Posted to commits@trafficserver.apache.org by jp...@apache.org on 2012/03/28 05:33:11 UTC
[2/5] git commit: TS-1135: index wildcard certificates for
ServerNameIndication
TS-1135: index wildcard certificates for ServerNameIndication
Add a SSLContextStorage support class. This objects owns all the
SSL contexts and indexes them by both name and (stringified) address.
Both the CN from the certificate subject name and the DNS
subjectAlternativeNames are indexed.
If we find a wildcard name, we use the trie for indexing so that
we get longest match semantics. We only support wildcards of the
form '*.foo.org' because that's the only useful form, and the code
for supporting the general case would be a bit hairy.
Project: http://git-wip-us.apache.org/repos/asf/trafficserver/repo
Commit: http://git-wip-us.apache.org/repos/asf/trafficserver/commit/0dcad6ea
Tree: http://git-wip-us.apache.org/repos/asf/trafficserver/tree/0dcad6ea
Diff: http://git-wip-us.apache.org/repos/asf/trafficserver/diff/0dcad6ea
Branch: refs/heads/master
Commit: 0dcad6eaf692e6acee68685c08788bc42e8e15b3
Parents: 313c224
Author: James Peach <jp...@apache.org>
Authored: Thu Mar 22 21:19:37 2012 -0700
Committer: James Peach <jp...@apache.org>
Committed: Tue Mar 27 20:32:26 2012 -0700
----------------------------------------------------------------------
CHANGES | 2 +
iocore/net/P_SSLCertLookup.h | 7 +-
iocore/net/SSLCertLookup.cc | 246 ++++++++++++++++++++++++++++++----
iocore/net/SSLNetVConnection.cc | 2 +-
4 files changed, 225 insertions(+), 32 deletions(-)

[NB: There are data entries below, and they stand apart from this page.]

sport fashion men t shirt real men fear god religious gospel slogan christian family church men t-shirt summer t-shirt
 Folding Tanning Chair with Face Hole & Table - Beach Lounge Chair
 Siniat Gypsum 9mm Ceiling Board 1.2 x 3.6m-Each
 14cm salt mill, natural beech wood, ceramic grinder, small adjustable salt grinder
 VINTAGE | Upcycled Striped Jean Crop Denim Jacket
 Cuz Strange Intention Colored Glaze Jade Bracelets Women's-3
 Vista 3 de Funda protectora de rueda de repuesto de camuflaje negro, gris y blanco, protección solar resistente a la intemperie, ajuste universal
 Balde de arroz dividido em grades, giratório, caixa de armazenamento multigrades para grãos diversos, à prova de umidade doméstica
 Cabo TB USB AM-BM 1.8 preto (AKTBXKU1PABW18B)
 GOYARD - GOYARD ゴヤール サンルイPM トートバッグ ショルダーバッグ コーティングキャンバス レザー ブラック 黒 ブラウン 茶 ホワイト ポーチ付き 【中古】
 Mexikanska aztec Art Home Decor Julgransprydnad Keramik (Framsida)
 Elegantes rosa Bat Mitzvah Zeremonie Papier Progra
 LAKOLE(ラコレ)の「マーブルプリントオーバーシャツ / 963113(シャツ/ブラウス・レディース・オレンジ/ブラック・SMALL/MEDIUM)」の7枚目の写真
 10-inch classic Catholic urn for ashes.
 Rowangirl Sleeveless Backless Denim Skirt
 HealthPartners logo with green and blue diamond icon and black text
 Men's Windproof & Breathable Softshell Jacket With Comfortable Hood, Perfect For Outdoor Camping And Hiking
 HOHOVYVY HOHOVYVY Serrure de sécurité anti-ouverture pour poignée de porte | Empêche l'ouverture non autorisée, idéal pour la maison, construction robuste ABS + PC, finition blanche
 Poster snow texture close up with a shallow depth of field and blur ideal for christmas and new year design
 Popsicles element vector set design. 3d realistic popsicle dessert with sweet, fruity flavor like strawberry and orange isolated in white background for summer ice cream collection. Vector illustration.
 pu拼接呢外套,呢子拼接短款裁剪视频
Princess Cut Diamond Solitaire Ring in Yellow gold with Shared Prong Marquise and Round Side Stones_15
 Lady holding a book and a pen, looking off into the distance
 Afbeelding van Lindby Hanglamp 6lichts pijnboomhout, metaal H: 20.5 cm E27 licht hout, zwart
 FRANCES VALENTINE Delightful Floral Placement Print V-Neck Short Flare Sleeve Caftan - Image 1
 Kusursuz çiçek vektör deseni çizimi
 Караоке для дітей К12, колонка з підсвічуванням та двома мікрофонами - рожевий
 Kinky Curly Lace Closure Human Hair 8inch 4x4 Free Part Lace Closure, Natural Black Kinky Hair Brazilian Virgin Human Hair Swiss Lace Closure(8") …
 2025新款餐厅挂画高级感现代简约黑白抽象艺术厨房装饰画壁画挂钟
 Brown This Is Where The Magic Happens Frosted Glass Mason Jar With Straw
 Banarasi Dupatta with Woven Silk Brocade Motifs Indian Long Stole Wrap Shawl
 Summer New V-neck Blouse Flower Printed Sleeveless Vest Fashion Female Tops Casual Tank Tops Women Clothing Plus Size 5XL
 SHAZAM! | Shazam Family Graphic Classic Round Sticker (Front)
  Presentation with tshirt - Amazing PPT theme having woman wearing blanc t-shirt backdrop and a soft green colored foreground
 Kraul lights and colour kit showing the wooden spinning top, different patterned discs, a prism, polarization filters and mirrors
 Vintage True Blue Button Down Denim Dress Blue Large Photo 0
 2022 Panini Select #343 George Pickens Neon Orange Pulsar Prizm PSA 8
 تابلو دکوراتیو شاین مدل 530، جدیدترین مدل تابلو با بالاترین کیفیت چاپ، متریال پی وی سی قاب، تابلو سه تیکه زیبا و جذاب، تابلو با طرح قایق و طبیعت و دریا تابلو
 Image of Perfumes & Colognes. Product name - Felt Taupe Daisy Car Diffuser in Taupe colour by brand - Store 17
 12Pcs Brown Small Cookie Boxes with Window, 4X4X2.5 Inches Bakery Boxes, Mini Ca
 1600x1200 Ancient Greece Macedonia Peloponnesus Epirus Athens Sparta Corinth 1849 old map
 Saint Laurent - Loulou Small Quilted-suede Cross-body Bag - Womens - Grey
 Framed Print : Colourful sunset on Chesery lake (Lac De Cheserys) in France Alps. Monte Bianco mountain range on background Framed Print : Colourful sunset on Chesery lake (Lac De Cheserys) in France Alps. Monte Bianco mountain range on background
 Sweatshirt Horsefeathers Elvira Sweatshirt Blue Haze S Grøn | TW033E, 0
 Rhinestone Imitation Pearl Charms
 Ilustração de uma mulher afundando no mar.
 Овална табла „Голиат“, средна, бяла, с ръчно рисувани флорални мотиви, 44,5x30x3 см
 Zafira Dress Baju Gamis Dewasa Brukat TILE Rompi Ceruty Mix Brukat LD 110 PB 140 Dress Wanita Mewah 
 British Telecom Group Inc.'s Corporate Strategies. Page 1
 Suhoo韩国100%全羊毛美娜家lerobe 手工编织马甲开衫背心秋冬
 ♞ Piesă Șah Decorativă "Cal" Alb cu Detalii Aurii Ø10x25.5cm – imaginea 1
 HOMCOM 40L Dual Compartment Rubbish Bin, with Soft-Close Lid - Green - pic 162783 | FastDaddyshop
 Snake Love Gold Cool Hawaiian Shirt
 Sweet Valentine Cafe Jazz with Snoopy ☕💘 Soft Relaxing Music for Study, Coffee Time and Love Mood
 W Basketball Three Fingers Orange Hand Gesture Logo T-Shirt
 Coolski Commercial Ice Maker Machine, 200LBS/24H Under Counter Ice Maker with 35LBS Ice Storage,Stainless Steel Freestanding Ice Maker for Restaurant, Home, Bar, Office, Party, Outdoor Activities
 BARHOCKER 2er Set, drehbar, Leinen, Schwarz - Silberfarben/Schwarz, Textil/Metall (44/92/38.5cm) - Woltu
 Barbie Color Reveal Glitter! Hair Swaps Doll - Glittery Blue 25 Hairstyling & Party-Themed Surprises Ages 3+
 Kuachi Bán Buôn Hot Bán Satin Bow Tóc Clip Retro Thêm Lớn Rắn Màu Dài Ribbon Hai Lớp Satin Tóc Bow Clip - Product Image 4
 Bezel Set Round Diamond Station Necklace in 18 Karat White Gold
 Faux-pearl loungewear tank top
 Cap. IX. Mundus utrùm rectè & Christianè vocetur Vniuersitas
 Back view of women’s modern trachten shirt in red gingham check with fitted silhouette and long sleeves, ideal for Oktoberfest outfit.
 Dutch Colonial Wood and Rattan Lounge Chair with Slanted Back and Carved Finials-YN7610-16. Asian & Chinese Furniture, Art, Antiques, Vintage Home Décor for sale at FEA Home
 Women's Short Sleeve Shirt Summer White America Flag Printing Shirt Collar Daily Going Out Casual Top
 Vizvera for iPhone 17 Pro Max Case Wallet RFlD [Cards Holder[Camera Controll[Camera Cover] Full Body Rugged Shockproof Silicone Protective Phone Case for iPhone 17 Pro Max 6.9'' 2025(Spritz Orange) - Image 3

----------------------------------------------------------------------
http://git-wip-us.apache.org/repos/asf/trafficserver/blob/0dcad6ea/CHANGES
----------------------------------------------------------------------
diff --git a/CHANGES b/CHANGES
index 0ff37ea..0611a24 100644
--- a/CHANGES
+++ b/CHANGES
@@ -1,5 +1,7 @@
-*- coding: utf-8 -*-
Changes with Apache Traffic Server 3.1.4
+ *) [TS-1135] support wildcard certificates for ServerNameIndication (SNI)
+
*) [TS-1140] Combine IP Allow and QuickFilter.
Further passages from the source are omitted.